Again, almost right. You're finishing the access list with a permit ip any any to allow all
traffic not explicitly denied by the above statements, but your number is wrong. You're using
100 when you should be using 101. Same goes for the ip access-group statement.

So the final statement should read access-list 101 permit ip any any

and you should apply ip access-group 101 in to the ethernet inteface for the LAN

Now, I'm sure I made a mistake somewhere, I've been answering this over the course of a couple
hours at work between calls, so I'm sure my train of thought got crossed somewhere. If anyone
sees any mistakes with my solution, let me know, I'd rather not spread incorrect information hehe

Btw, this will be the only time I give explicit answers to your homework Next time, I'll just give pointers hehe

Drakonblayde · October 2004

access-list 101 permit ip 202.30.40.0 0.0.0.64 209.0.0.2 0.0.0.254

The first three bits for the 4th usable subnet will always be 100, so you want to match
that. A wildcard mask of 64 translates to 00011111, which tells the acl to make sure the first
three bits match. Again, you use a 254 mask for the destination since the last bit is the only
one you need to determine if the host is odd or even.

Actually, looking back over this, I'm pretty sure that the above statement isn't needed either. The permit ip any any at the end of the statement would allow the management hosts to hit those servers. The only issue that needs to be dealt with in the server farm, as I understand it, is denying the production hosts access to the odd numbered servers.

Generally with access lists, they work one of two ways.

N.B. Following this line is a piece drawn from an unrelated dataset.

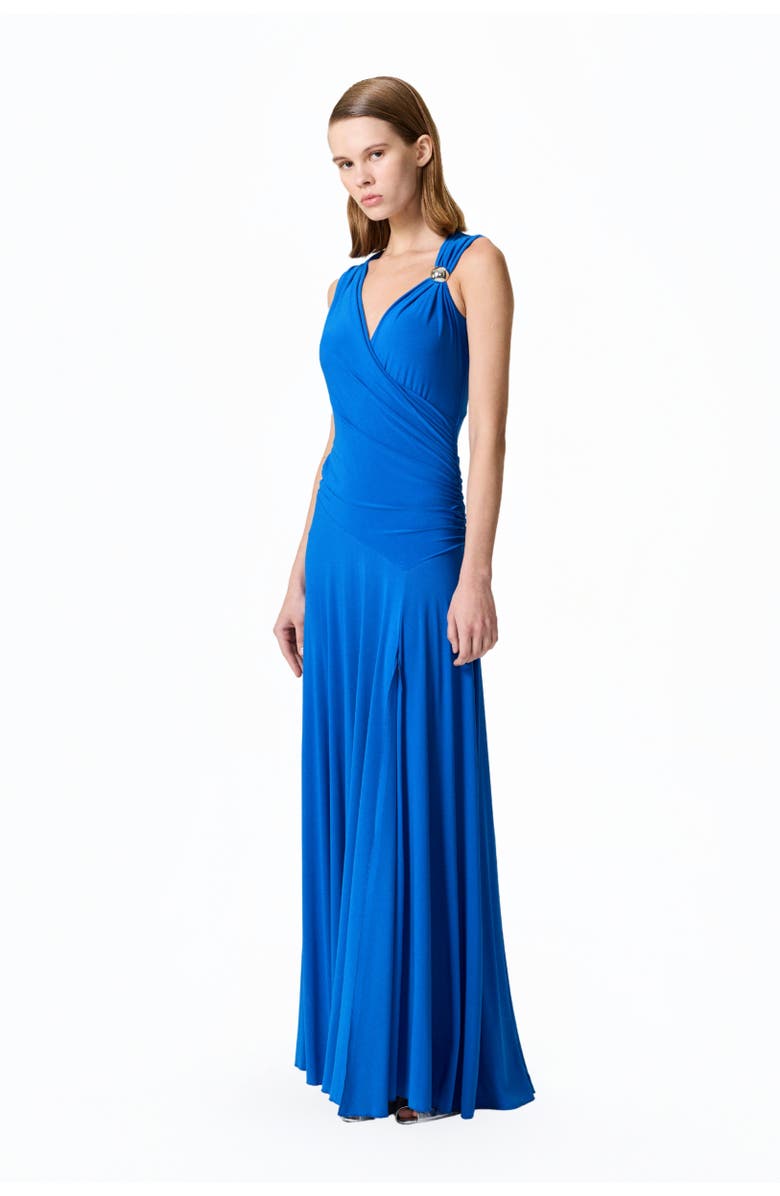 Nocturne Asymmetric Draped Cut-Out Dress, Alternate, color,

You either explicity allow certain traffic and deny everything else, or you explicitly deny certain traffic and allow everything else. If the first case, your acl would only contain permit statements, as the implicit deny all all at the end of the acl would take care of killing everything else, and in the second case, you should not have any permit lines above your permit ip any any because it's basically a waste, anything you're permitting explicitly would be permitted by the permit ip any any at the end of the acl anyway.

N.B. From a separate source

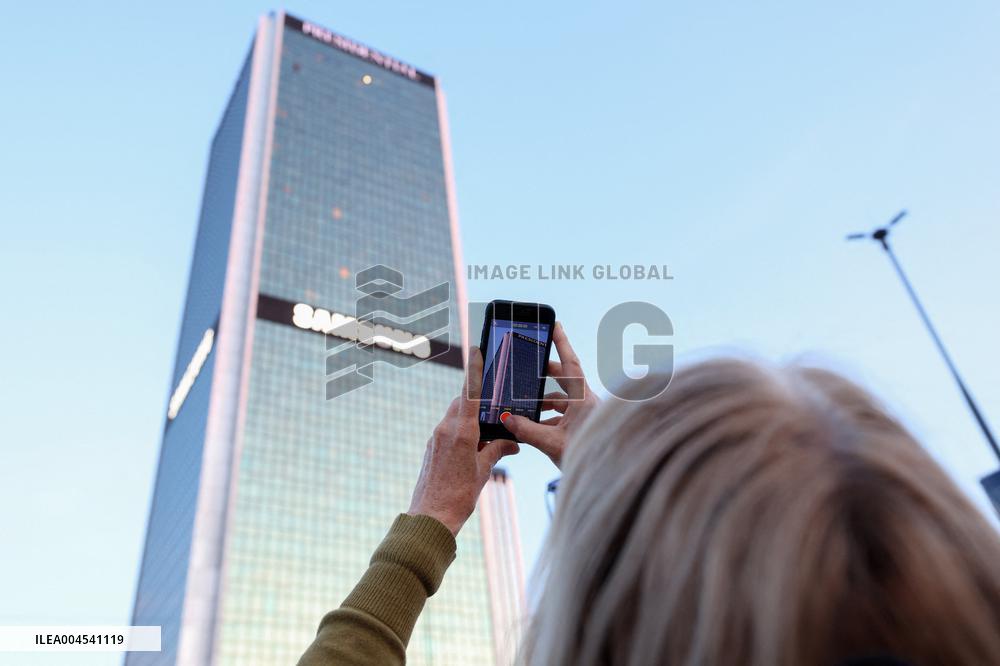 Titouan Leduc Climbed the Presidential Hotel Without Protection - Warsaw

Drakonblayde · October 2004

Quote:

MY ANSWERS ARE THEY CORRECT

! Allow all company hosts to access intra server with only HTTP access

Access-list 101 permit tcp any host 172.16.0.1 eq 80

! No other protocols will be permitted to intraserver

Access-list 101 deny ip any host 172.16.0.1

These are correct, in the first instance you are allowing port 80 to the server but denying everything else

Well, given the logic I just espoused above, there's, well not an error, but an inefficiency with the above statements. The first statement should be changed to

access-list 101 deny tcp any host 172.16.0.1 neq 80

instead

That will block all tcp traffic into that host except that on port 80, and the second statement would take care of all other ip traffic

I don't have access to a router atm to test, but I'm not sure if you could streamline it by saying

access-list 101 deny ip any host 172.16.0.1 neq 80

and that way just cut it down to one statement, but for some reason I think I remember reading that if you choose ip as the protocol to permit/deny, you can't specify ports

moss12 · October 2004

thanks Marcus Drakonblayde

You helped me on this better than my cisco teacher , I wish i had a teacher like you.I hope you help me in near future

Thank you!

Let god bless you

moss12 · October 2004

sorry to bother you again Drakonblayde

But are you sure your subnetting are correct cause my cisco teacher looked at my subnetting and said there right ,I'm so confused but i will follow your workings. well my cisco teacher is not that great he only has CCNA 2 for god sakes and he teaches.ohhh well next semester i won't see him anyways.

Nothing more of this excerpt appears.